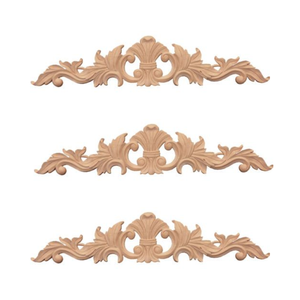 Appliques en bois massif sculptées pour meubles, décorations intérieures intemporelles et traditionnelles, appliques pour armoires - Product Image 1
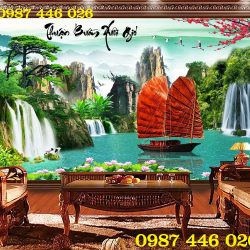 Tranh thuyền buồm- gạch tranh 3d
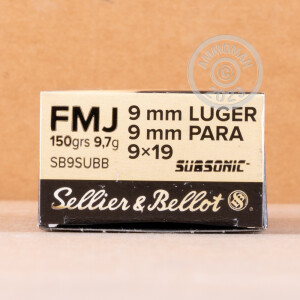 Image of the 9MM LUGER SELLIER & BELLOT SUBSONIC 150 GRAIN FMJ (1000 ROUNDS) available at AmmoMan.com.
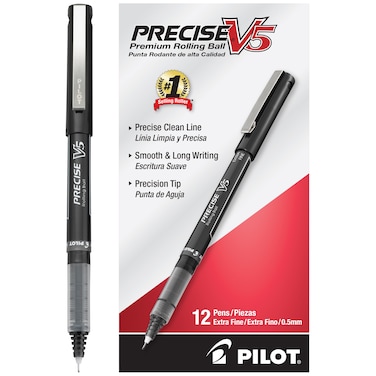 Pilot Precise V5 Capped Liquid Ink Rolling Ball Pens Extra Fine Point 05 mm Black Pack of 12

_Aim of the exercise_
Reproduce the material word for word. Skip every picture it holds.

_Solution to this exercise_
 Appliques en bois massif sculptées pour meubles, décorations intérieures intemporelles et traditionnelles, appliques pour armoires - Product Image 1
 Tranh thuyền buồm- gạch tranh 3d
 Image of the 9MM LUGER SELLIER & BELLOT SUBSONIC 150 GRAIN FMJ (1000 ROUNDS) available at AmmoMan.com.
 Pilot Precise V5 Capped Liquid Ink Rolling Ball Pens Extra Fine Point 05 mm Black Pack of 12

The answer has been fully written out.